Benché i dati ci dicono che Immuni per il momento sia riuscita comunque a bloccare alcuni focolai, del suo malfunzionamento si è parlato anche recentemente, con casi che hanno fatto sorgere sempre più perplessità sulla sua attendibilità. Ricordiamo per esempio la mancata notifica di esposizione che è stata rilevata per il caso che ha visto coinvolte due ragazze bresciane.

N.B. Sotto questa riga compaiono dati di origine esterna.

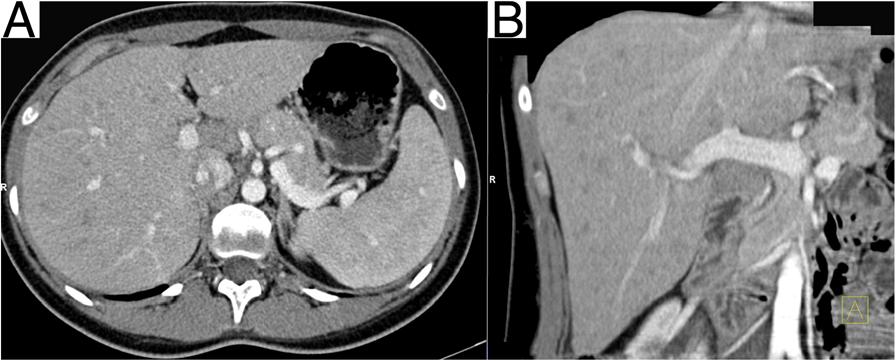 Lagler et al. BMC Infectious Diseases 2014, 14:357 Page 3 of 5 Figure 2 Radiographic findings of abdominal computed tomography during Katayama syndrome (axial (A) and coronal (B) reconstruction).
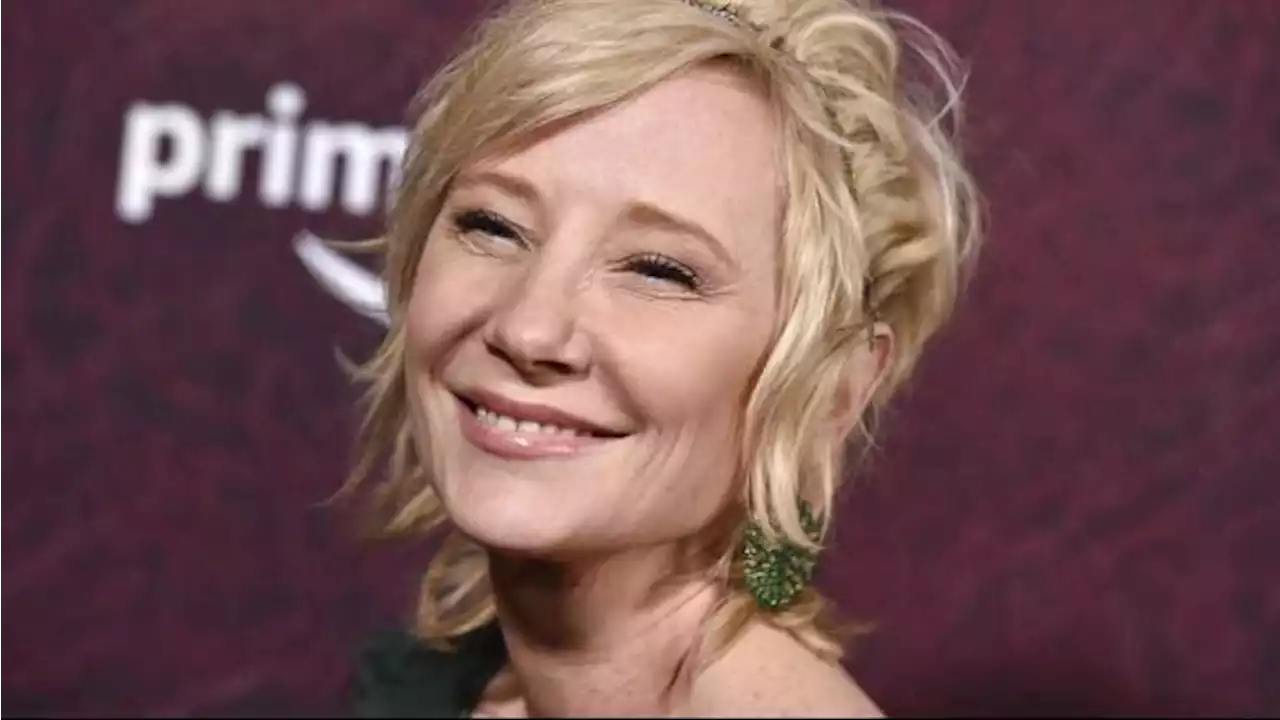 Anne Heche Meninggal Dunia di Usia 53 Tahun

Diciamo, insomma, che la app di tracciamento scelta dal nostro Governo non ha trovato molti consensi e che la sua diffusione è molto lenta, vuoi per limiti della sua tecnologia, vuoi per effettive criticità tecniche, vuoi per cattiva informazione sul suo funzionamento, vuoi per questioni su ci si potrebbe essere più o meno d’accordo.

Fatto sta, che proprio di questi giorni è l’annuncio che due tra i nomi più noti a livello mondiale vogliono riprovarci. Si tratta di Apple e di Google, che vorrebbero presto introdurre una funzionalità di “exposure notification” integrata nei sistemi operativi iOS e Android anche per chi non ha scaricato Immuni. Di fatto, comunque, Immuni resterà l’app di riferimento per segnalare al servizio sanitario nazionale la propria positività.

Che dire? In effetti potrebbero avere più successo della app scelta dal Governo. Del resto, non è forse vero che in pratica tutti ormai affidiamo, spesso inconsapevolmente e forse anche con troppa leggerezza, i nostri dati personali ai due grandi colossi americani?